With the support of his family, Lunn and Ivy started to regain the confidence and optimism he had lost following his retirement and decided to re-enter the workforce.
To accomplish this, Lunn needed to revamp his resume for a role outside the fire department. Through the VA, he completed a nine-month IT course to receive a CompTIA certificate but hit a wall in his job search due to his lack of experience. He also had Ivy with him and would need an opportunity that would empower him to bring a service dog to work daily.
“You don't know what to expect when you’re bringing a service dog into a company or a place of work — which is hard,” Lunn said. “You don't know what obstacles you're going to face.”
That’s when he discovered ASU’s Technical Upskilling Program, which aims to open new doors of opportunity to non-traditional learners by creating pathways toward various IT career paths. The program’s participants represent a developing demographic redefining traditional views of students and internships.
As of 2015, non-traditional learners such as parents, full-time workers and those who delayed post-secondary education constitute 40% of the higher-ed student population, according to the Center for Postsecondary and Economic Success.
Under the program's rotational structure, Lunn quickly gained diverse hands-on experience with teams across Enterprise Technology such as Experience Center, Classroom Support, Program Management, and Deskside Support.
As he explored a variety of roles, Lunn enrolled in six ASU Universal Learner Courses at no cost. These courses expanded upon his existing core IT knowledge foundation and offered a Google IT Support Certificate co-branded by ASU upon completion.
“It's nothing but straightforward positivity,” Lunn said. “They've done an incredible job organizing the program. Man, it's truly genuine and sincere — that means a lot.”
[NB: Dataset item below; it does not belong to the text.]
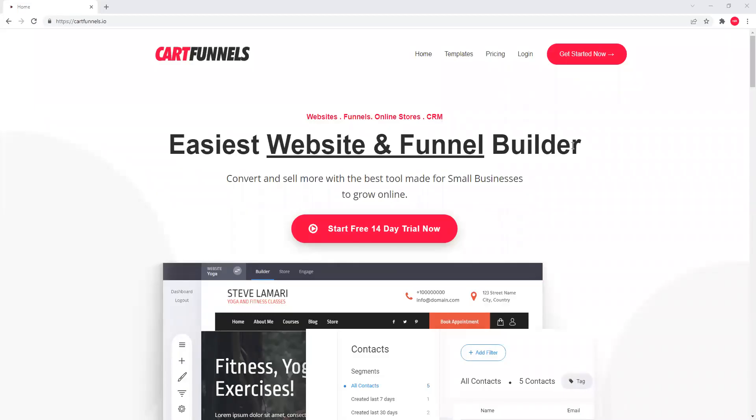Hey guys, so welcome to this video. Here I'm going to show you how you can make your account with CartFunnels. So if you don't know CartFunnels, make sure you watch the previous video where I explain what CartFunnels is and what you're going to do.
Upon starting his new role at ASU’s Deskside Support, he’s able to fulfill his passion for helping people. His journey is a reminder that anything is possible in the face of adversity — with the right support and resources.
“So often you think there's not a chance for you and coming to ASU opened my eyes to people's compassion and tolerance again,” Lunn said. “People not judging me has allowed me to come out of my shell and make me feel like I'm actually helping again.”